* **Stored data**
┌──

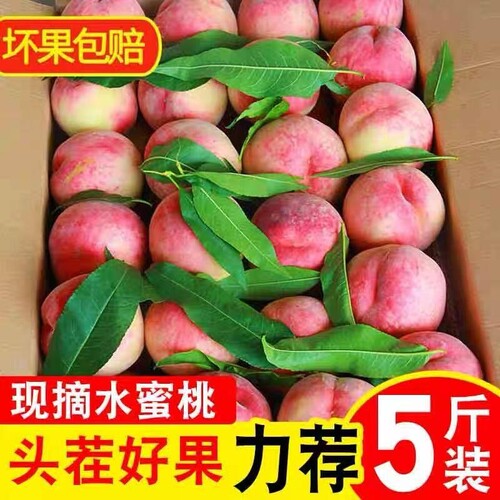 现摘当季水蜜桃5斤包邮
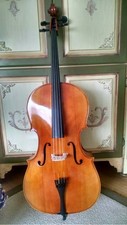 Meucci Handcrafted European Cello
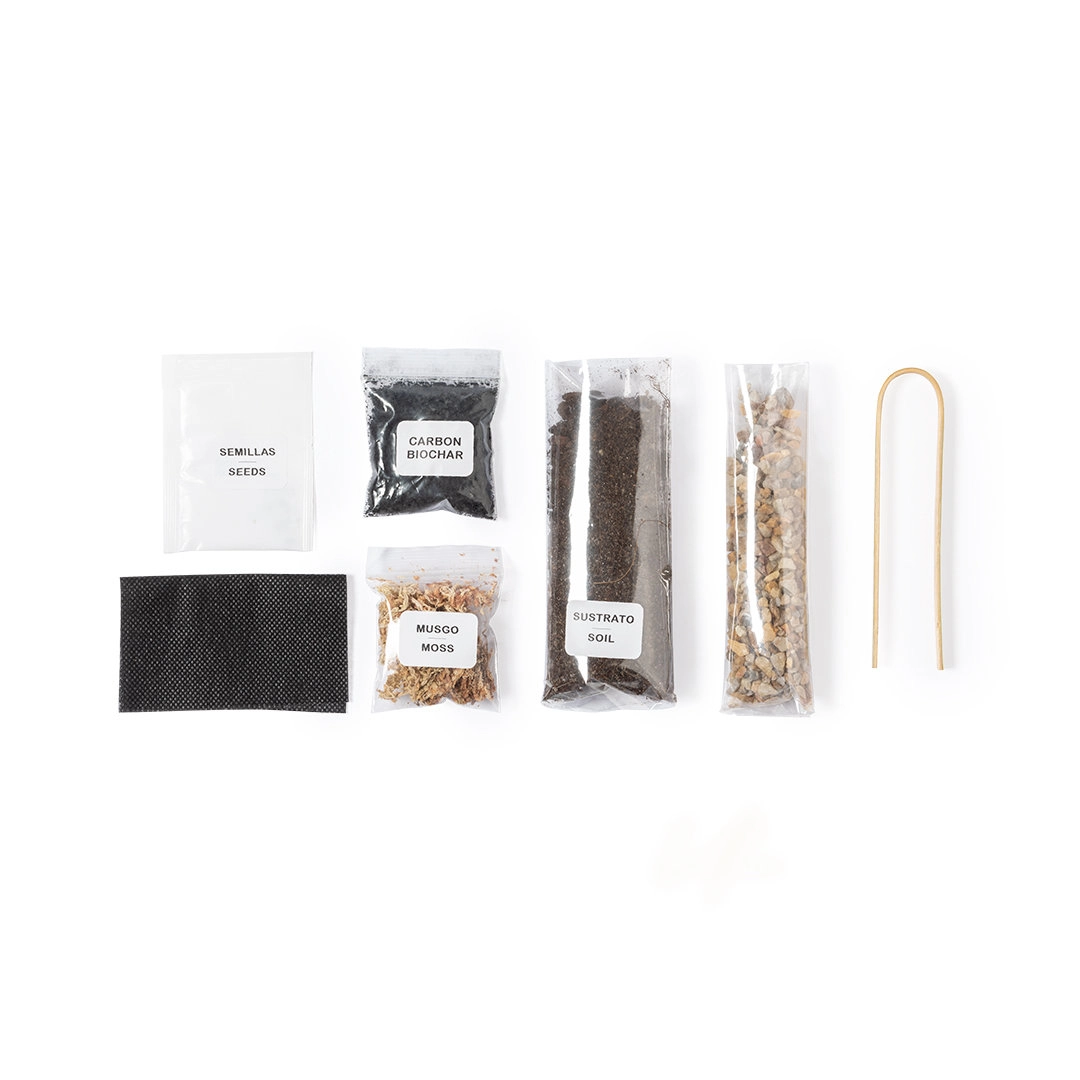 Immagine Terrarium Anymak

└──

* **Task goal**
Transcribe each line above verbatim, with the pictures left out.

* **Final answer**
 现摘当季水蜜桃5斤包邮
 Meucci Handcrafted European Cello
 Immagine Terrarium Anymak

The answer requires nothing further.